▶ _WORK ITEM_
Repeat every line of the data exactly, but not the pictures.

▶ _DATA EXCERPT_
▼

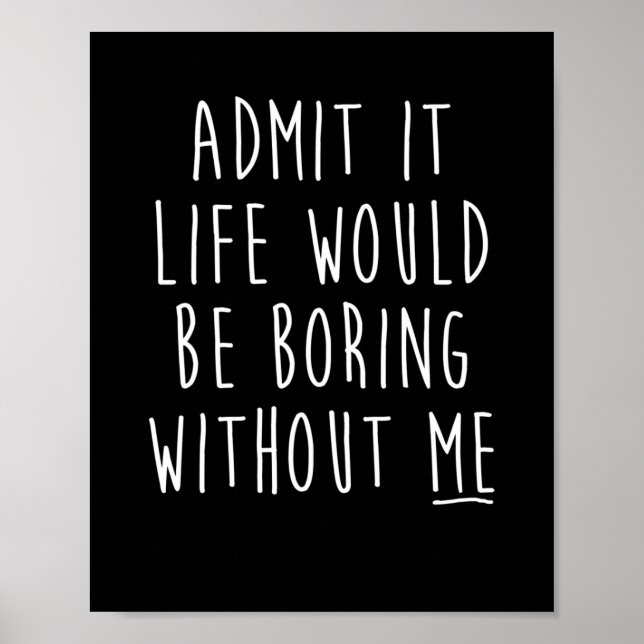 Admit It Life Would Be Boring Without Me Funny Say Poster (Front)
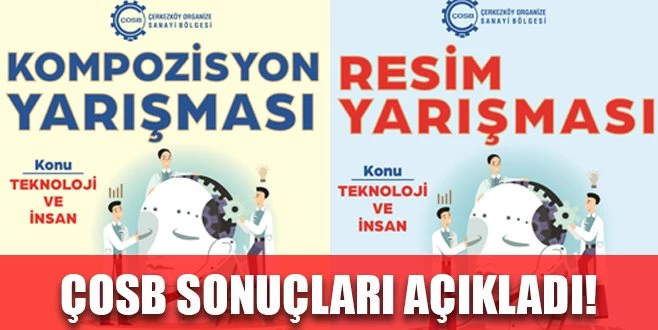 ÇOSB YARIŞMA SONUÇLARI AÇIKLANDI!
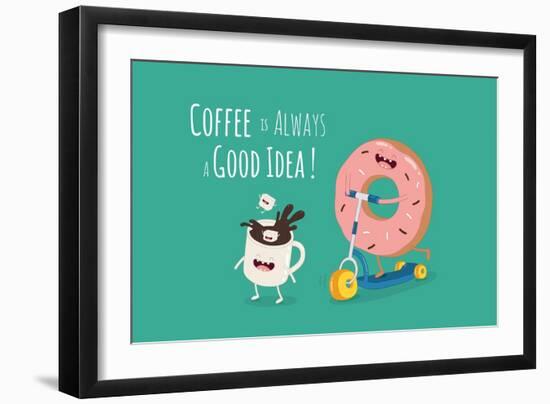 Funny Coffee with Donut on the Kick Scooter. A Poster with the Inscription Coffee is Always a Good-Serbinka-Framed Art Print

▲

▶ _ANSWER BELOW_
 Admit It Life Would Be Boring Without Me Funny Say Poster (Front)
 ÇOSB YARIŞMA SONUÇLARI AÇIKLANDI!
 Funny Coffee with Donut on the Kick Scooter. A Poster with the Inscription Coffee is Always a Good-Serbinka-Framed Art Print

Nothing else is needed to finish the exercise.